Swiss bank UBS blames a rogue trader at its London office for a $2.3 billion loss that is Britain's biggest-ever fraud at a bank. Kweku Adoboli, the 32 year old trader, is sentenced to seven years in prison. Britain's financial regulator fines UBS after finding its internal controls were inadequate and allowed Adoboli, a relatively inexperienced trader, to make vast and risky bets.

The case has echoes of Societe Generale trader Jerome Kerviel, who hid €5 billion in losses. Kerviel said SocGen turned a blind eye to his colossal positions in late 2007 and early 2008 as long as they made money for the bank.

Wells Fargo Bank agrees to pay at least $175 million to settle U.S. Department of Justice accusations that it discriminated against qualified African-American and Hispanic borrowers from 2004 through 2009. The department said the bank's discriminatory lending practices resulted in more than 34,000 African-American and Hispanic borrowers in 36 states and the District of Columbia paying higher rates for loans solely because of the color of their skin.

JPMorgan Chase announces a loss of $2 billion from a trade that was meant to protect the bank if the global economy sharply deteriorated. Later, losses from the bad trade swell to nearly $6 billion and shave much more from the company's stock market value. The episode heightens concerns that the biggest banks still pose risks to the U.S. financial system, less than four years after the financial crisis.

Barclays agrees to pay more than $450 million to U.S. and British regulators to settle charges that it attempted to manipulate a global benchmark interest rate known as LIBOR. The rate indirectly affect the costs of hundreds of trillions of dollars in loans that people pay when they get loans to go to college, purchase a car or buy a house. Numerous other banks are under investigation for similar violations.

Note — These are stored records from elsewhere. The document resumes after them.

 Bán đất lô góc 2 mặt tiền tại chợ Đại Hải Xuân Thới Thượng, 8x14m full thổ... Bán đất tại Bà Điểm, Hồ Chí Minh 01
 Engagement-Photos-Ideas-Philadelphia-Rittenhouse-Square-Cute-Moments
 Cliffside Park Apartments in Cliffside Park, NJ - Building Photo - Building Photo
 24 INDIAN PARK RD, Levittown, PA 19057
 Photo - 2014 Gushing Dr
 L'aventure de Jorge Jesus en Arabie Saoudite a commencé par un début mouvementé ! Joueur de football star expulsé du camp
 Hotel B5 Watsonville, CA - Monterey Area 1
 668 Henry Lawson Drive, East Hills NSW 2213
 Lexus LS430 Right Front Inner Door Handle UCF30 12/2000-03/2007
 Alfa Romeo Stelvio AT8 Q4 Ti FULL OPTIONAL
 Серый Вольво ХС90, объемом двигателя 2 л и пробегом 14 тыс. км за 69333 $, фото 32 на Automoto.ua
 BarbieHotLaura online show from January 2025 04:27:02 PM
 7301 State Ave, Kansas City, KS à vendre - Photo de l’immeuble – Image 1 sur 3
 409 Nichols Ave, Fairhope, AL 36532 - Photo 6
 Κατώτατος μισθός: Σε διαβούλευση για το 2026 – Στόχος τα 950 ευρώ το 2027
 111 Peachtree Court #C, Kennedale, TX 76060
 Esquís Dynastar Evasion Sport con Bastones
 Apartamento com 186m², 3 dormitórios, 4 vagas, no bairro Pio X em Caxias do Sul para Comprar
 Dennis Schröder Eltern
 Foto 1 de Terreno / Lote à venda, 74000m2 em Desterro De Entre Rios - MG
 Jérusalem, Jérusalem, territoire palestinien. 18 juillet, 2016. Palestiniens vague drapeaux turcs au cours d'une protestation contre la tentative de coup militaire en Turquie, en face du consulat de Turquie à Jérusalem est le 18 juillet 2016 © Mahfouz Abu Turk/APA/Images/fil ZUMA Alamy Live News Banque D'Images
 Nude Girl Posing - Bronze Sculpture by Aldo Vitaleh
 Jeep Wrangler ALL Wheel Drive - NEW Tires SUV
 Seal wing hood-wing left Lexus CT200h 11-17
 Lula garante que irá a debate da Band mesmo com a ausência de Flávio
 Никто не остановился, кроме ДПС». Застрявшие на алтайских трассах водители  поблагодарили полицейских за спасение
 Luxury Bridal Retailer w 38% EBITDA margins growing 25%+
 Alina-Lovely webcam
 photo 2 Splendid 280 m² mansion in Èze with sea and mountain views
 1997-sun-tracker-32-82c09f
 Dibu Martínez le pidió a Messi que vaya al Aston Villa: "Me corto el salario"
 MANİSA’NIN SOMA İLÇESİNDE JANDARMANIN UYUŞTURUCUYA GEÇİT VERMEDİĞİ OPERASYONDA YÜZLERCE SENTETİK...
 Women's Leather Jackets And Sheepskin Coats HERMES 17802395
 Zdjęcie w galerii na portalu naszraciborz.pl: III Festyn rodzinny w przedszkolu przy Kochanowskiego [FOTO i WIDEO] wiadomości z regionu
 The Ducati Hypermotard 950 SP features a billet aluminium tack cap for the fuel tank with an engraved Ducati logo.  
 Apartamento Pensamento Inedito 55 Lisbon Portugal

UBS pays $1.5 billion to settle LIBOR manipulation charges with regulators in the U.S., Britain and Switzerland. The bank says some of its employees tried to rig LIBOR in several currencies.

An independent review finds Kabul Bank spirited some $861 million out of war-torn Afghanistan in a massive fraud based on fake loans to 19 individuals and companies. A bailout of the bank costs the equivalent of 5 percent of Afghanistan's gross domestic product, making it one of world's largest banking failures ever.

HSBC, Europe's largest bank, says it's paying $1.9 billion in penalties to settle a U.S. money laundering probe. The investigation into HSBC focused on the transfer of billions of dollars on behalf of nations such as Iran and the transfer of money from Mexican drug cartels. The bank said its anti-laundering measures were inadequate and said it was "profoundly sorry."